Émile-Joseph Legal étudia au petit et au grand séminaires de Nantes, au collège de Machecoul et à l’université de France. Ordonné le 29 juin 1874, il servit dans le diocèse de Nantes avant d’entrer au noviciat des oblats à Nancy en 1879. En raison des lois restrictives de l’État sur les communautés religieuses, il fut envoyé à Lachine, au Québec, où il termina son année de probation et prononça ses vœux perpétuels le 24 septembre 1880. Avant d’être affecté dans le Nord-Ouest canadien, il œuvra à Plattsburgh, dans l’État de New York, à Montréal et à Buffalo, aussi dans l’État de New York, où il étudia l’anglais.

Legal arriva à Saint-Albert (Alberta) en août 1881 et fut envoyé en octobre auprès des Peigans. Il passa l’hiver de 1881–1882 dans leur réserve et visita d’autres campements pieds-noirs dans les mois d’été tout en exerçant son ministère auprès des catholiques du fort Macleod (Fort Macleod, Alberta), non loin de là. En 1886, il ouvrit une petite école dans la réserve des Peigans ; deux ans plus tard, il organisa des missions chez les Gens-du-Sang. En 1889, il fonda la mission de Saint-François-Xavier à Stand Off, dans la réserve Blood. Il réussit à convaincre le département des Affaires indiennes de bâtir un hôpital à cet endroit en 1893 et en confia l’administration aux sœurs grises de Nicolet, au Québec.

Vers 1895, la santé de l’évêque de Saint-Albert, Vital-Justin Grandin*, inquiétait le clergé de son diocèse, qui jugeait essentielle la nomination d’un coadjuteur. Déjà, le père Albert Lacombe avait proposé la candidature de Legal. Le 29 mars 1897, Legal fut nommé évêque titulaire de Pogla et coadjuteur de Saint-Albert. Il apprit sa nomination le 6 mai, peu après avoir enterré de ses mains un jeune résident de la réserve Blood ; cela explique pourquoi la Croix, influent journal parisien, l’appela « l’évêque fossoyeur ». Sacré à Saint-Albert le 17 juin 1897, il adopta comme devise épiscopale Nos autem in nomine Domini (« Quant à nous, nous parlons au nom du Seigneur »). Les Pieds-Noirs l’appelèrent Sspomitapi, c’est-à-dire « celui qui occupe un siège élevé ». À la mort de Grandin, le 3 juin 1902, Legal devint évêque de Saint-Albert ; il accéderait à l’archiépiscopat d’Edmonton le 30 novembre 1912.

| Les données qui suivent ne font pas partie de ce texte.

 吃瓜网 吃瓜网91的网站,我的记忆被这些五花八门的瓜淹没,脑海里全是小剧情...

À la fois en tant que missionnaire et prélat, Legal manifesta de remarquables dons intellectuels et créateurs. Il dessina et construisit maints édifices pendant qu’il desservait les missions des Gens-du-Sang et des Peigans. En tant qu’évêque, il dressa les plans de nombreuses églises et examina à la loupe ceux que lui soumettaient des curés. Il conçut les plans des pensionnats de Brocket, de Stand Off, de Blackfoot Crossing et de Saint-Paul-des-Métis (St Paul). En outre, il jalonna des emplacements, acheta des matériaux et obtint les permis de construire. Ses plans de la cathédrale de Saint-Albert mariaient les styles gothique, néo-roman, néo-baroque et mauresque. Les travaux commencèrent en 1902, mais la situation économique de la région l’obligea à modifier ses plans pour réduire les coûts. La création de l’archidiocèse d’Edmonton en 1912 et le transfert du siège épiscopal dans cette ville en 1917 rendirent inutile une cathédrale à Saint-Albert. Legal s’occupa dès lors d’en construire une à Edmonton.

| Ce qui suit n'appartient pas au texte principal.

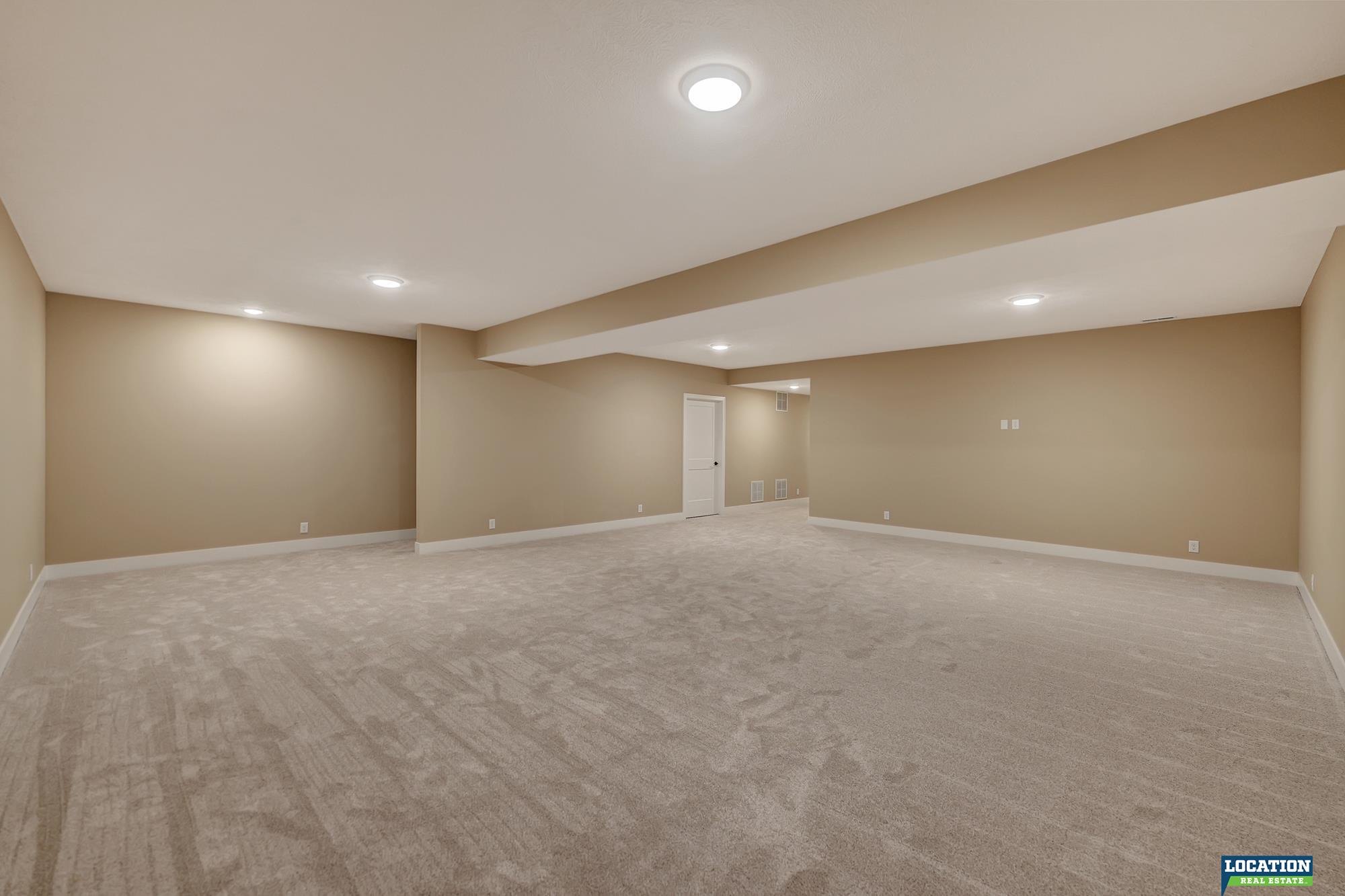2285 SW 50th Street, Lincoln, Nebraska image 44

La créativité de Legal s’exprima en outre dans de nombreuses études des traditions, des mœurs et de la langue des Pieds-Noirs, et notamment dans des articles parus dans les Missions catholiques de Lyon, la Catholic encyclopedia de New York et le Bulletin de la Société de géographie de Paris. Il collabora avec Lacombe à la composition d’un vocabulaire de la langue des Pieds-Noirs, des Gens-du-Sang et des Peigans. Par ailleurs, il entreprit des études de géologie et correspondit avec la Smithsonian Institution. En 1915, la University of Alberta lui décerna un doctorat honorifique en droit.

En 1897, dès sa nomination au poste de coadjuteur, Legal avait assumé la responsabilité de superviser l’expansion du diocèse de Saint-Albert, et en particulier la création des nouvelles paroisses et nouveaux établissements nécessaires pour desservir les immigrants, de plus en plus nombreux. Par la suite, il rendit compte de ces activités dans Short sketches of the history of the Catholic churches and missions in central Alberta. Une fois qu’il fut devenu évêque, le statut des écoles catholiques de son diocèse et les relations avec les autorités fédérales et territoriales s’ajoutèrent à ses préoccupations. En 1904, à la veille de la création des provinces de l’Alberta et de la Saskatchewan, le délégué apostolique, Donato Sbarretti y Tazza, lui demanda de rédiger, pour les projets de loi constituant ces provinces, une clause sur la sauvegarde du principe des écoles confessionnelles. Selon Legal, la clause de compromis négociée par le délégué apostolique et le premier ministre du Canada, sir Wilfrid Laurier, ne convenait pas : même si elle conférait à la minorité religieuse de tout district le privilège d’avoir des écoles séparées, elle ne définissait pas avec précision le système scolaire qui serait établi. Néanmoins, comme le délégué apostolique l’approuvait, Legal jugea qu’il fallait la laisser telle quelle. En février 1905, en accordant une entrevue à un journal d’Ottawa, le United Canada, il déclara espérer que les écoles séparées seraient maintenues et que les catholiques prendraient des mesures pour les soutenir. Cependant, le texte de l’entretien indiquait qu’il était satisfait de la clause sur les écoles, ce qui irrita d’autres membres de la hiérarchie, dont Adélard Langevin, archevêque de Saint-Boniface. Les évêques n’étaient sûrement pas contents que Legal ait accordé une entrevue sur une question aussi délicate à un journal non catholique. De plus, ils tenaient à se montrer tous d’accord en public.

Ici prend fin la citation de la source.